A table covered in beautiful quilts and laden with more than two dozen instruments — from mouth bows, glass jugs and wash boards to ukulele, steel guitars, and even banjos made from unusual materials like giant gourds and groundhog skin — stretches out behind him. “I’m going to play them all,” he says “but I started with the harmonica because the common man could not afford a Piano but he could afford a harmonica, which he can put in his pocket and take wherever he goes,” shares Bruce. “Try putting a piano in your pocket,” he jokes. Laughter ensues.
Next up, Bruce demonstrates the mouth bow, a counterpart to a simple hunting bow — little more than a springy bough with a length of twine, leather, or gut strung between the two ends. I am still not sure how Bruce plays it, but its music causes Ada’s face to light-up and sporting a big grin she keeps saying, “Wow, that’s pretty good!” He plays “Oh Groundhog” an old “Blue Ridge favorite” – and an apparent favorite of Joe’s too as he can’t stop smiling or singing…
I dug down, but I didn’t dig deep,
There laid a whistle-pig fast asleep.
Now the meat’s in the cupboard and the butter’s on the shelf,
If that ain’t groundhog I’ll be derned.
Well you eat the meat and save the hide,
Make the best shoestring ever was tied.
We are surprised to learn that you can make more than shoestrings from hide, as Bruce’s next instrument turns out to be a banjo made from the hide of a groundhog. “These banjos run small,” he explains, “because the hides of a groundhog are all the same size – small.
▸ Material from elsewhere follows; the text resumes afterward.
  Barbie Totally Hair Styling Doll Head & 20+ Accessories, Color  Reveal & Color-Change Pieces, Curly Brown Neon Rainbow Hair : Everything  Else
And yes, people do eat groundhogs.” He plays his groundhog banjo and sings another catchy tune from the Blue Ridge entitled, “I wish I Was A Mole In The Ground,” which apparently can go on forever as it has as many verses as you care to makeup.
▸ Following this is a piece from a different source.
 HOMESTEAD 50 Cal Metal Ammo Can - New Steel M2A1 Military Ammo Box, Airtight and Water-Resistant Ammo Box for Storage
I wish I was a mole in the ground
Yes, I wish I was a mole in the ground
If I’s a mole in the ground I’d root that mountain down
And I wish I was a mole in the ground
Oh, I wish I was a lizard in the spring
Yes, I wish I was a lizard in the spring
If I’s a lizard in the spring I’d hear my darlin’ sing
And I wish I was a lizard in the spring
Next up was the Jack Dancer or limberjack, a wooden jig doll on the end of a stick whose feet act like a drum, tap dancing. “This is one of the first toys designed to perform both as a toy and as a percussion instrument,” explains Bruce as he demonstrates. “Oh isn’t that what a kid would love to have?” exclaims Ada. When Bruce asks for a volunteer, Richard steps up to try it. He gets a quick lesson on how to hold the limberjack with its feet just resting on the end of a springboard, to rap his knuckles on the board to make it vibrate, which sets the loose-limbed doll to a percussive dance. The other Residents in attendance are entranced. In just a few minutes of practice, Richard has learned to play and he accompanies Bruce’s banjo playing and our singing of one of the United States’ most famous folk songs “This Land Is Your Land,” written by Woody Guthrie in the 1940s. Everyone knows the words.
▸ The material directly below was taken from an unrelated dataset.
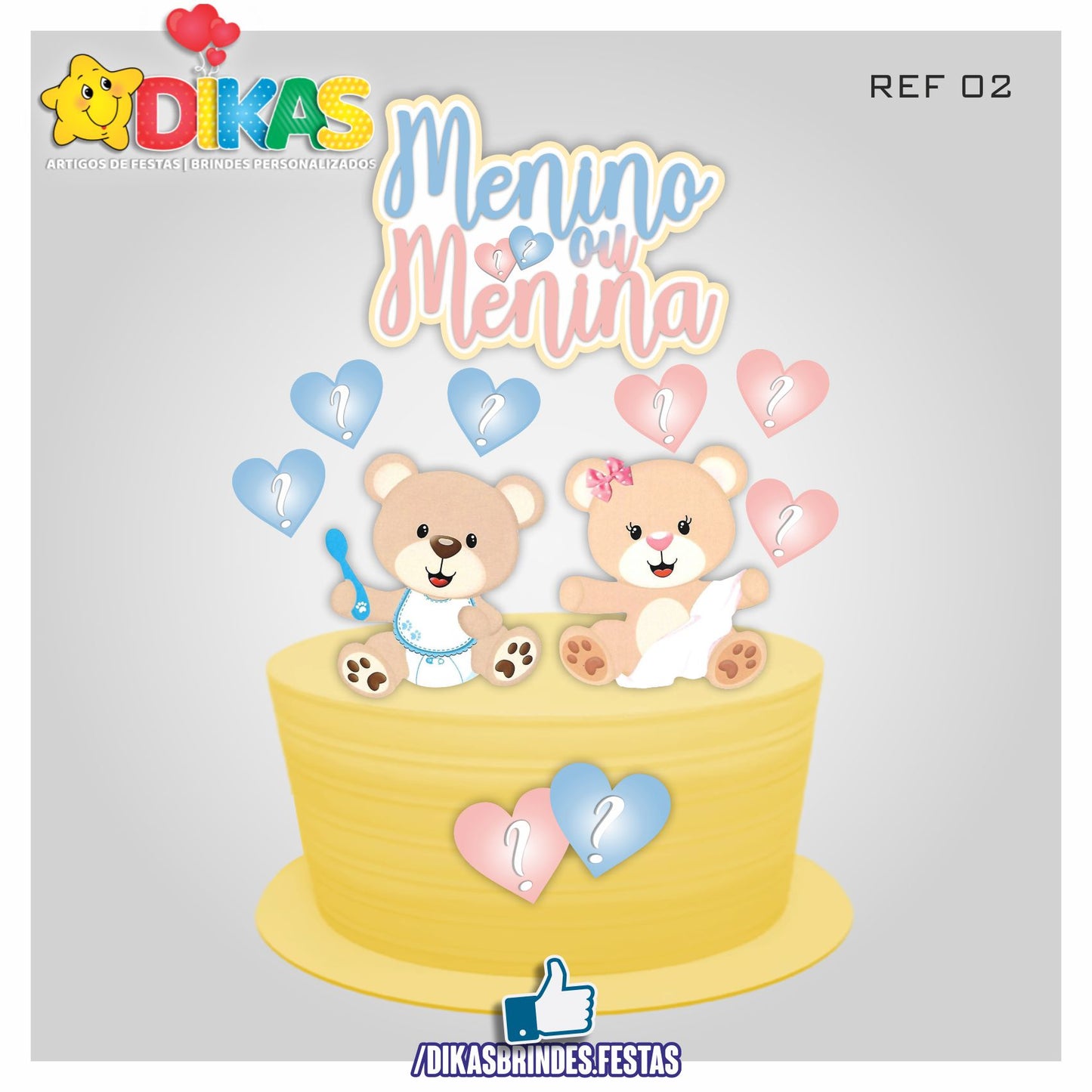 TOPO DE BOLO - CHÁ REVELAÇÃO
Thirty minutes later, Bruce is still going strong and my work is calling so I must leave. Later, Residents let me know that Bruce continued playing until he’d demonstrated each instrument — everything from a lap dulcimer, autoharp, dulcimer and steel guitar to a ukulele that belonged to his mother in the 1920s. The rest of the performance was “brilliant,” full of stories, jokes and sing-a-longs. What a talented person, American Folk Artist and multi-instrumentalist! A big thank you to Bruce and to the WPAS Women’s Committee from our “little family” of Residents, Little Sisters and employees for this enriching and joyful musical experience.